Cleaning up the Data
The data comes out like so:
File | Current | Added | Removed |
---|---|---|---|
popl15/macros.tex | 38 | +224 | -186 |
popl15/paper.tex | 98 | +419 | -321 |
popl15/abstract.tex | 45 | +195 | -150 |
popl15/intro.tex | 139 | +1004 | -865 |
popl15/overview.tex | 382 | +1912 | -1530 |
popl15/framework.tex | 389 | +390 | -1 |
popl15/consistencymodel.tex | 173 | +423 | -250 |
popl15/algorithm.tex | 175 | +458 | -283 |
popl15/models.tex | 146 | +192 | -46 |
popl15/applications.tex | 246 | +469 | -223 |
popl15/relatedwork.tex | 231 | +550 | -319 |
popl15/futurework.tex | 26 | +27 | -1 |
abstract.tex | ? | +100 | -100 |
macros.tex | ? | +8 | -8 |
paper.tex | ? | +900 | -900 |
popl14/abstract.tex | ? | +73 | -73 |
popl14/intro.tex | ? | +158 | -158 |
popl14/macros.tex | ? | +40 | -40 |
popl14/overview.tex | ? | +299 | -299 |
popl14/paper.tex | ? | +229 | -229 |
popl15/discussion.tex | ? | +53 | -53 |
popl15/evaluation.tex | ? | +413 | -413 |
popl15/example.tex | ? | +122 | -122 |
popl15/formalism.tex | ? | +1072 | -1072 |
The question marks in the “current size” column are for now-deleted files. The current size column is there, because I expect longer sections to have more rewrites.
The top-level paper.tex
file, which you’d expect to only contain links to subfiles, actually looks like it has a lot of editing going on. This is actually because I didn’t move things out to subfiles until somewhat late into the paper. To fix that problem, I went through each of the commits editing paper.tex
manually, and recorded them in the counts for each section that way.

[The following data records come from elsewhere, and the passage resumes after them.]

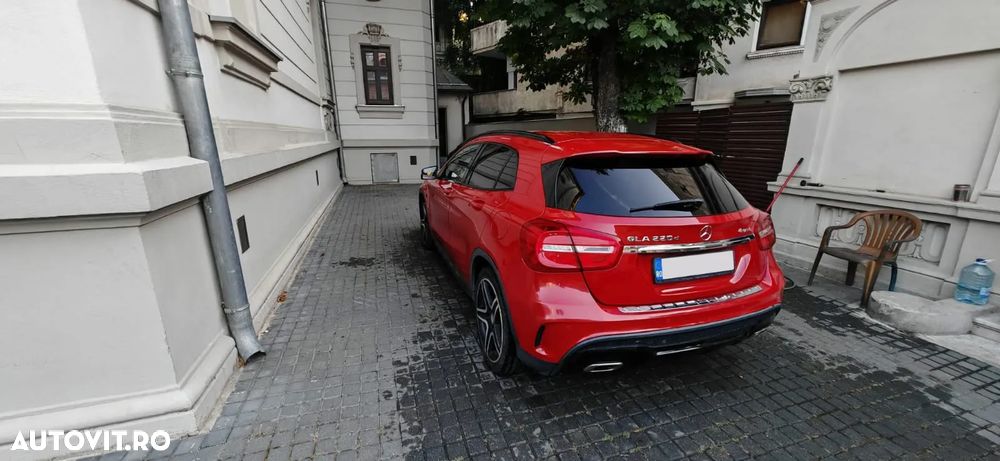 Mercedes-Benz GLA 220 CDI 4MATIC Aut. - 1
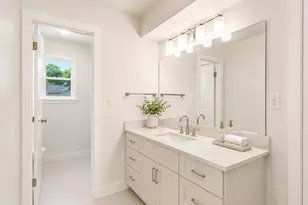 2275 Woodland Springs St, Houston, TX 77077 - Photo 27
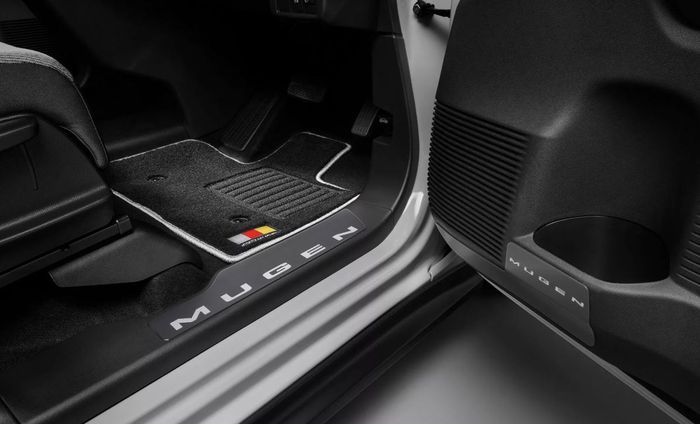 di interior, nuansa Mugen hadir di karpet, sill plate, dan cup holder pintu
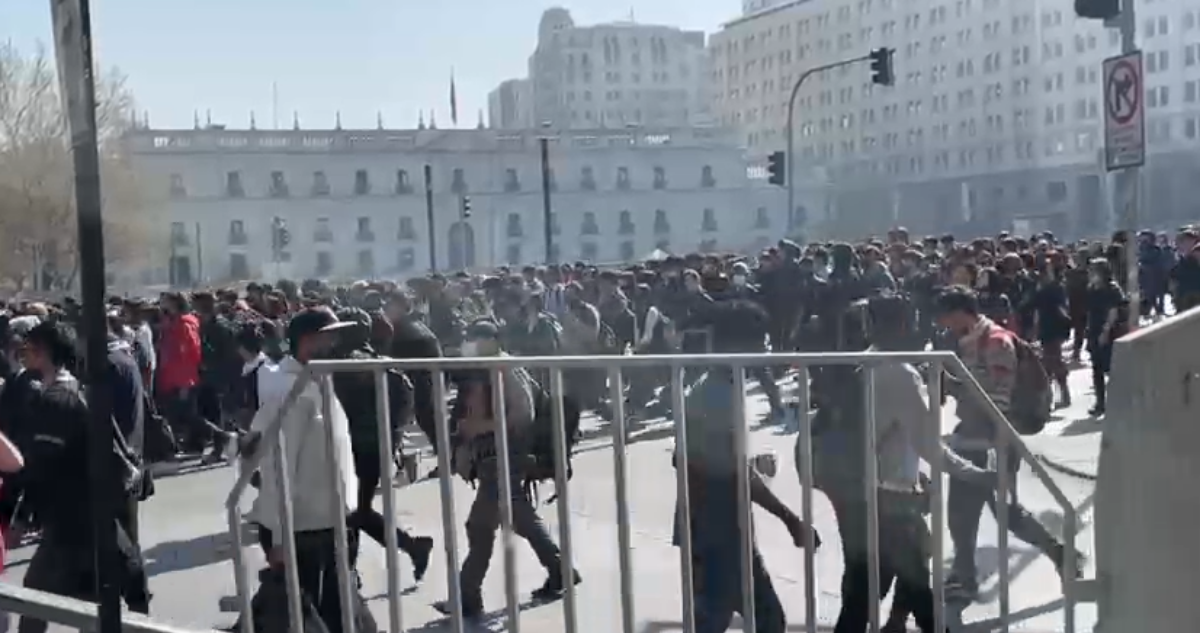 Masiva marcha de estudiantes llega hasta La Moneda: instalan barricadas y lanzan piedras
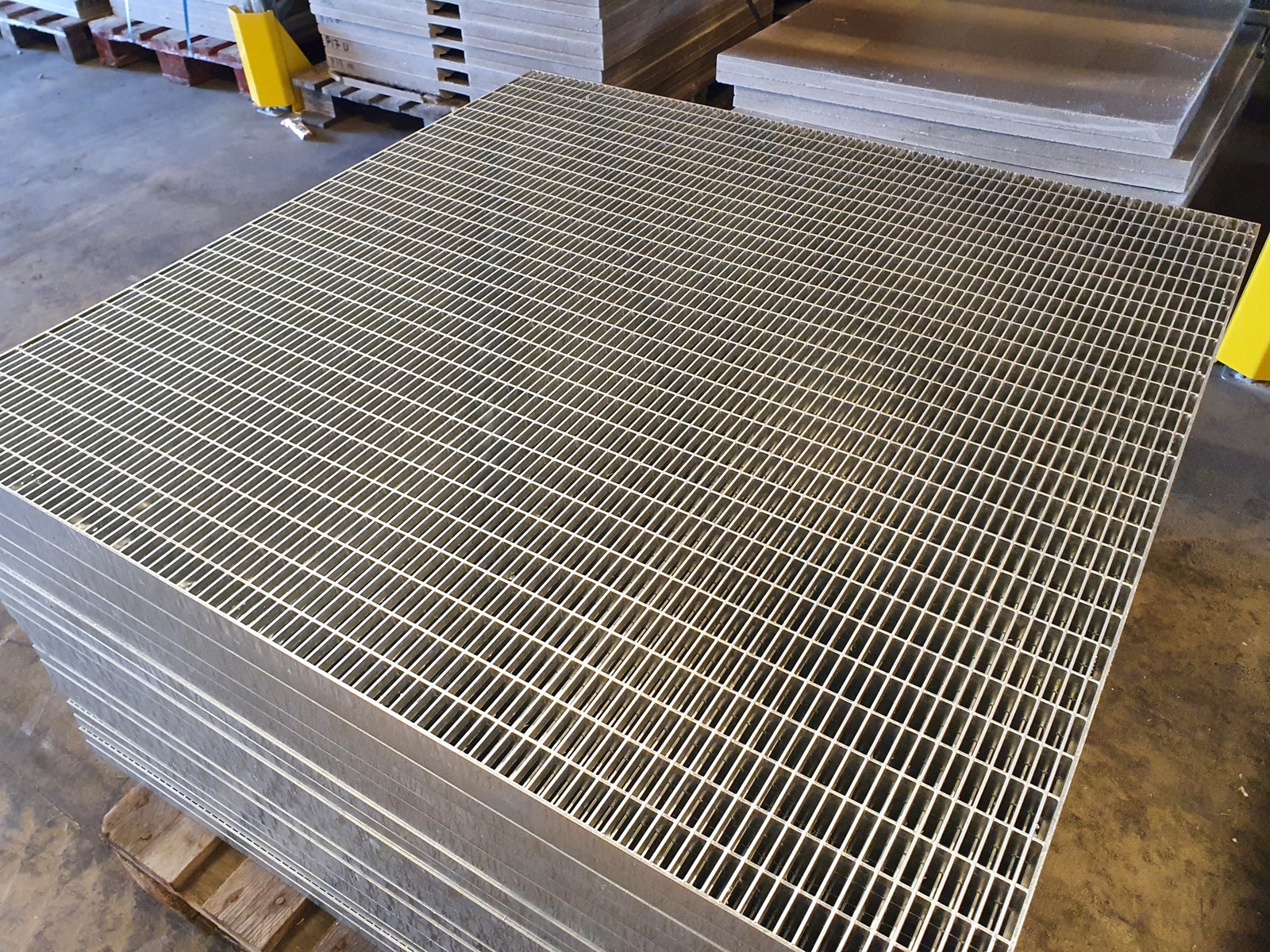 Galvaniserte gitterrister, rustfrie stålrister, aluminiumsrister ...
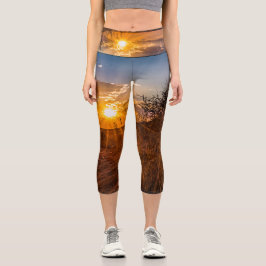 Sonnenuntergang in der Kalahari-Wüste, Namibia Capri Leggings
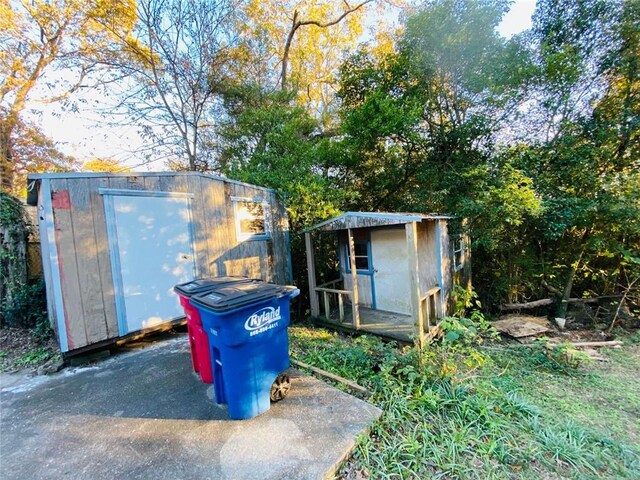 view of outbuilding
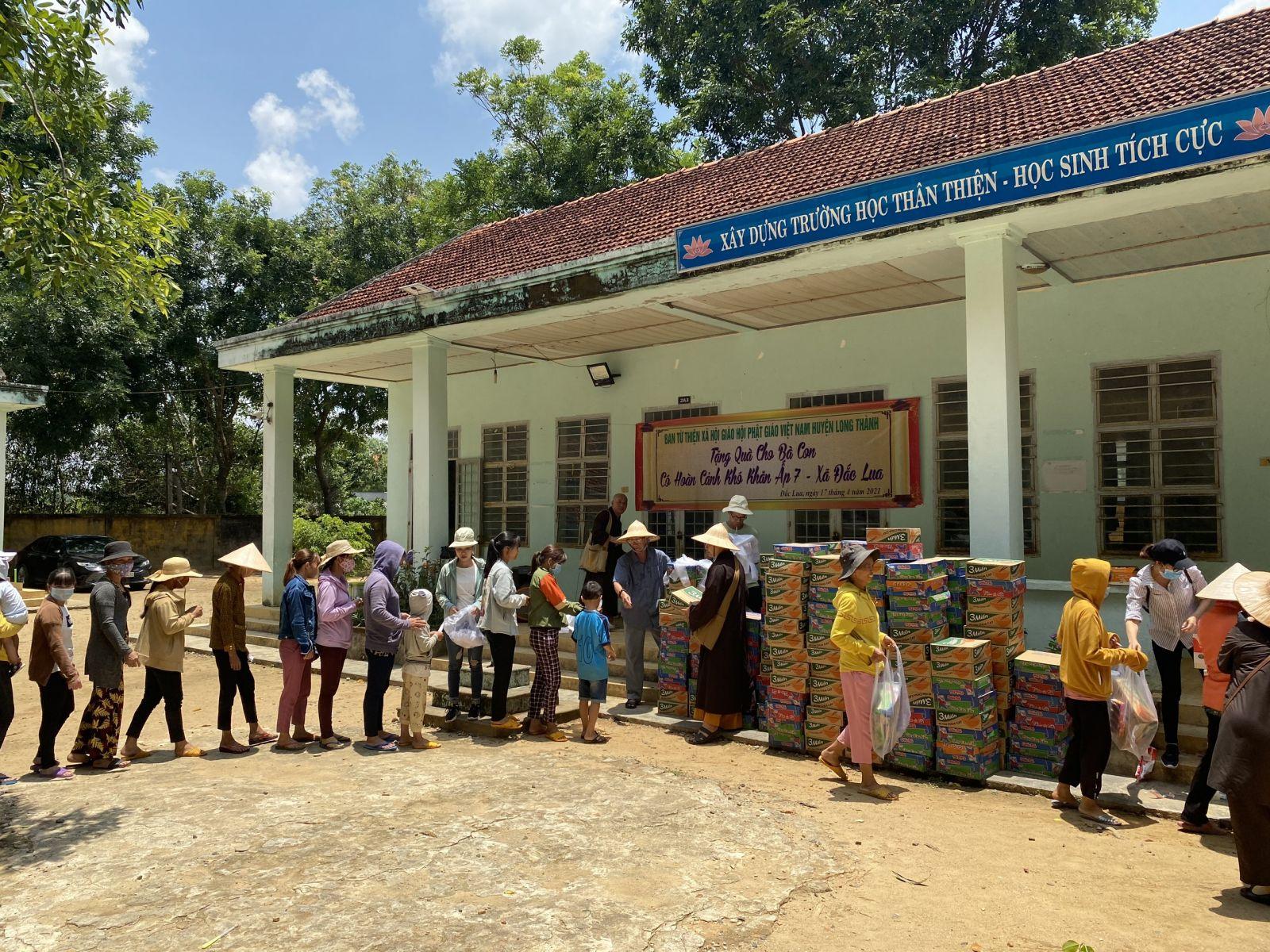 Bà con xếp hàng nhận quà Bà con xếp hàng nhận quà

Some sections were once two parts and became one (like the Example and Overview). Also, some files moved around in ways that Git didn’t track. So the totals above need to be recombined into per-section, not per-file, counts.
Conclusion
This produces:
Section | Current | Added | Multiplier |
---|---|---|---|
[macros] | 38 | +297 | 7.8 |
[paper] | 98 | +484 | 4.9 |
Abstract | 45 | +392 | 8.7 |
Introduction | 139 | +1393 | 10.0 |
Overview | 382 | +2562 | 6.7 |
Framework | 389 | +1462 | 3.8 |
Consistency Model | 173 | +423 | 2.4 |
Algorithm | 175 | +458 | 2.6 |
Models | 146 | +247 | 1.8 |
Applications | 246 | +827 | 3.4 |
Related Work | 231 | +550 | 2.4 |
Future Work | 26 | +80 | 3.1 |
As expected, the biggest churn was seen in the introduction, abstract, and overview, and also (strangely) the macro file. The least churn was in the consistency model through related work sections, with “Models”, which describes ways to embed some earlier work into our approach, having the least churn.
Overall, the numbers support my impression that we wrote many, many introductions and overviews, while the remainder of the paper sailed through easily. What I didn’t realize was just how stark the difference was. For example, the abstract, introduction, and overview together contain 566 lines, which required 4292 lines of editing to produce (a multiplier of about 7.5×). The rest of the paper is 1386 lines, and required only 4047 lines of editing to produce (a multiplier of 2.9×). Maybe seasoned paper-writers know this, but I’m surprised: we spent less time writing and editing the technical 71% of the paper, then we did editing the non-technical 29%.
Here’s hoping that with practice, I’ll have a better idea of how to write introductions and overviews, and that this contrast will lighten. Until then, I know to budget way more time toward the introductory sections.
Consider running a similar analysis for your papers. Which sections took the most work? The least?
Edit: I went calculated the allocation of lines changed between “Models” and “Applications”, which were a single section at first but later split. I also dug up and added up an abortive total rewrite to the Introduction which was on a branch I had not counted when I first wrote this post.
Footnotes:
Merge commits are a special case: the first two characters matter, since there are two files. I checked manually, and there aren’t any substantial merge commits to worry about.